▶ Data to use
● ● ●
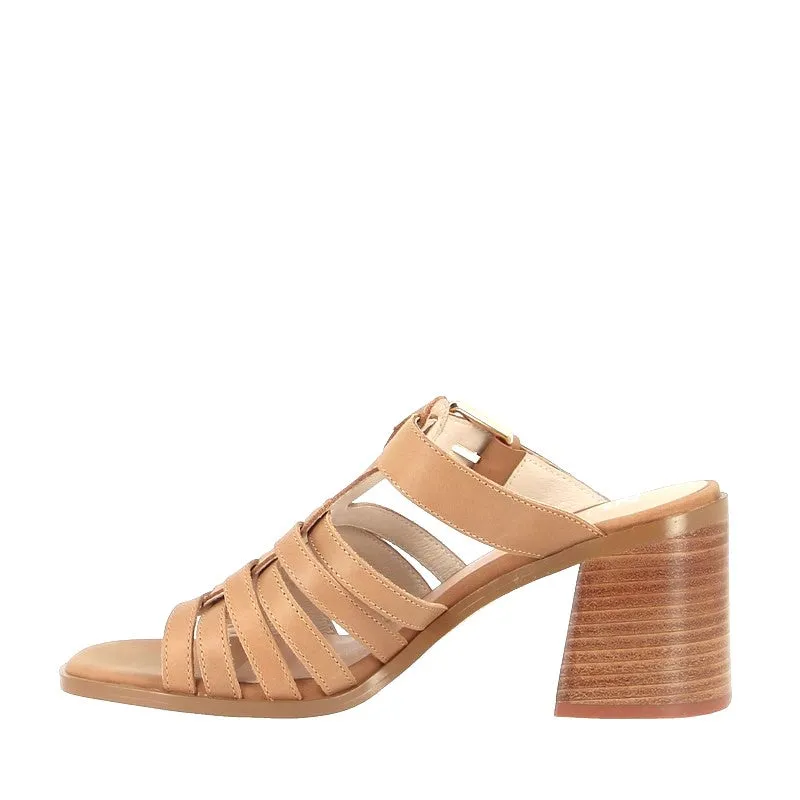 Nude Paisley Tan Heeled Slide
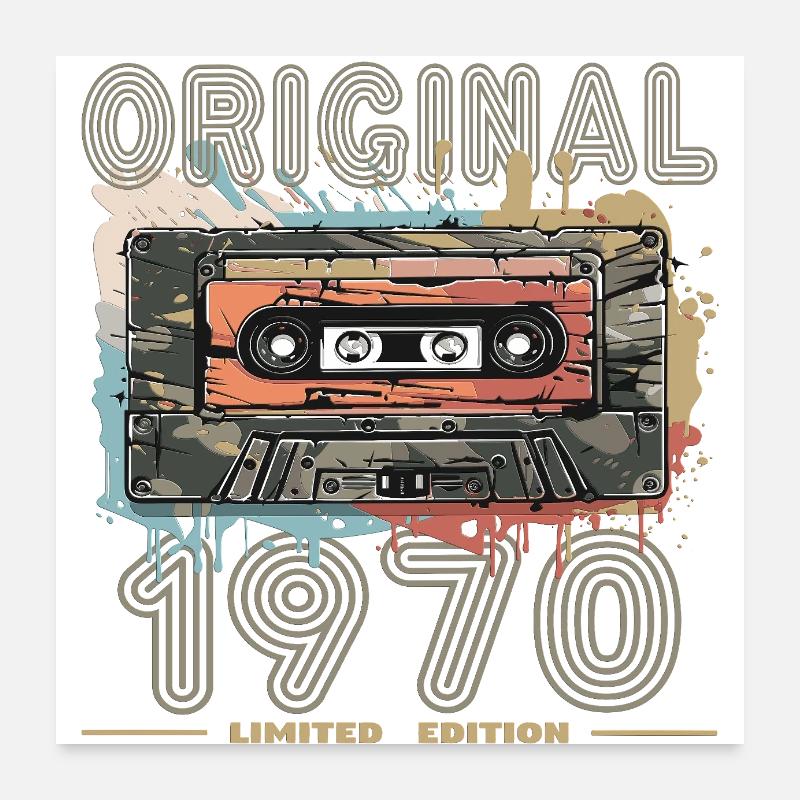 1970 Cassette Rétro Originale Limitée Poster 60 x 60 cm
● ● ●
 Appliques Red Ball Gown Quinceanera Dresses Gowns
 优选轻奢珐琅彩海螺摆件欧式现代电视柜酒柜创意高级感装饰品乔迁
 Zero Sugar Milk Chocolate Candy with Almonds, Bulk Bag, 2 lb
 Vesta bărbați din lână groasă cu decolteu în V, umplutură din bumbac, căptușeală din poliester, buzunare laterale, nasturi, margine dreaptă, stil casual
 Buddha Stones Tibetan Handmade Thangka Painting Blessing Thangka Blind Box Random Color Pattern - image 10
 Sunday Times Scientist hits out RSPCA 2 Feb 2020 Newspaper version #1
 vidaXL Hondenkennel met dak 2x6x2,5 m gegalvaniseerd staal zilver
● ● ●
▶ Task statement
Print exactly the lines of the listing above starting at the line containing "Zero Sugar Milk" and ending at the line containing "Vesta bărbați din", both included.

▶ Response to the task
 Zero Sugar Milk Chocolate Candy with Almonds, Bulk Bag, 2 lb
 Vesta bărbați din lână groasă cu decolteu în V, umplutură din bumbac, căptușeală din poliester, buzunare laterale, nasturi, margine dreaptă, stil casual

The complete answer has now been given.